Astor Place's Current Residents A Slight Impediment for Ongoing Redesign

Drastic architectural overhauls often require the eviction or removal of those living in the area that has been designated for revamping. The ongoing redesign of Manhattan’s Astor Place and Cooper Square is no exception, though in this case, authorities are looking beyond mere eviction in favor of extermination. The rodent residents of the area have proven a recent set-back for a project that was first revealed over three years ago.

Following its 2011 debut, the plan for the block by WXY architecture + urban design has undergone slight revisions. The goals of creating extra public space, improving storm drainage, and making the area more pedestrian-friendly remain in place. Towards this end Cooper Square Park will be expanded and the surrounding street-grid will be altered. Quennell-Rothschild & Partners will adorn the newly formed plazas and walkways with trees and other vegetation. Updated renderings released at the end of 2013 show additional seating added to the area immediately surrounding the Astor Place Subway station and the creation of a new Alamo plaza, formed by an expansion of the sidewalk that currently houses the rotating public sculpture.

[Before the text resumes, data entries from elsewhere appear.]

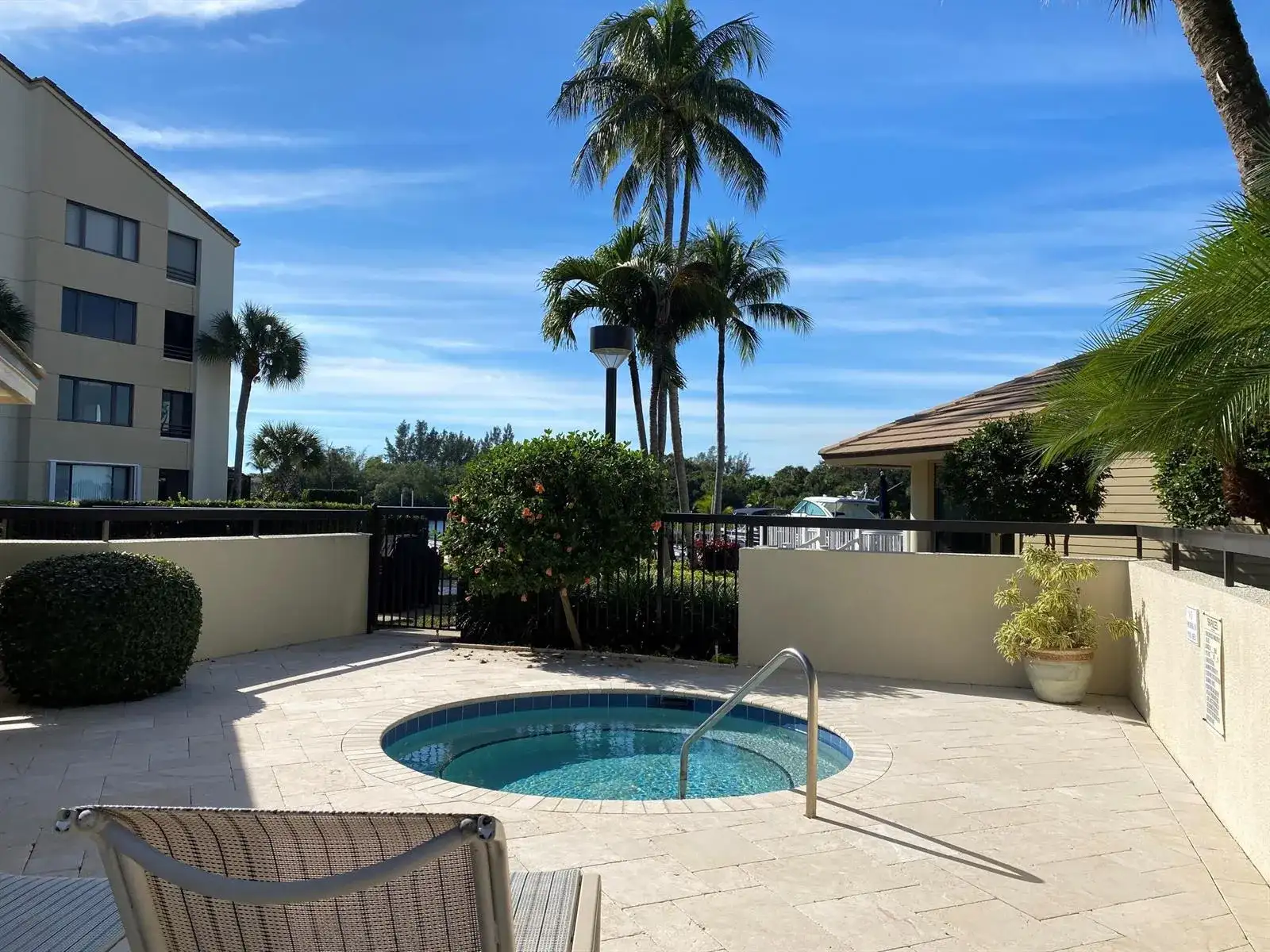 337 Oak Harbour Drive, Juno Beach FL 33408 photo 4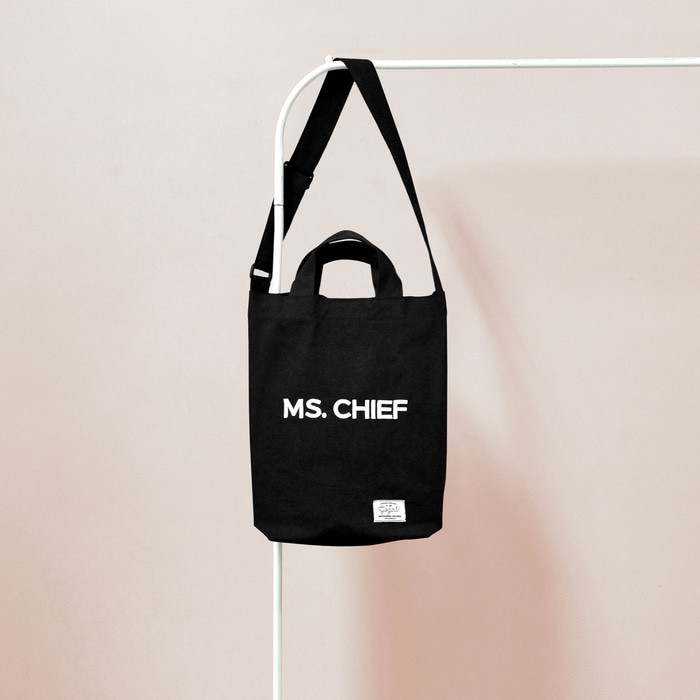 

Gogirl! Thirteenth Birthday Issue (Black Canvas Bag)
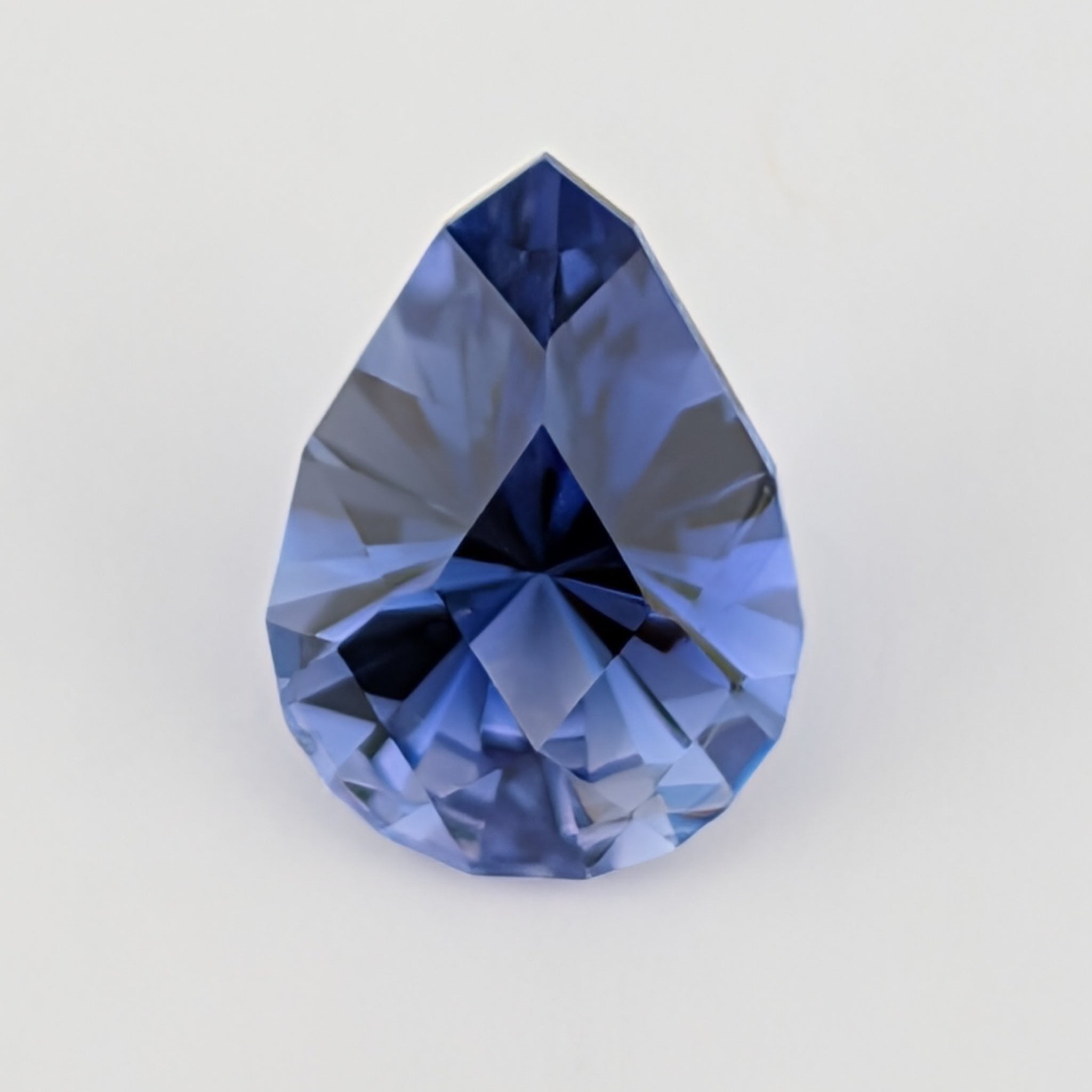 Synthetic Sapphire - 3.99 ct (8.6 mm x 11.5 mm)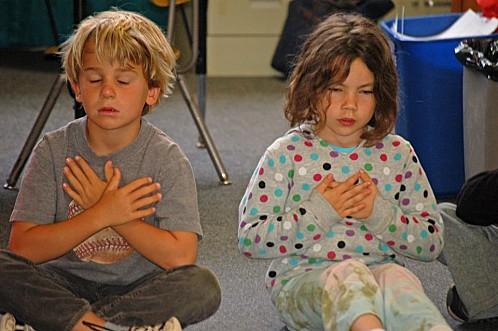 enfants-meditation.jpg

Construction began in the fall of 2013 on new drainage systems at East 4th Street and is slated to progress northward over the two years that are said to be required for its completion. In December, however, the steadily growing rat population living underneath Cooper Square became problematic enough that the park needed to be shut down for three weeks to allow for a large-scale poisoning operation. New York Department of Design and Construction spokesman Craig Chin sees the WXY design itself as a more long-term means of addressing the infestation: “The actual reconstruction of the park helps address the issue at the root…with construction removing the burrows and subterranean rodent habitats that formed in the vaulted spaces underground.”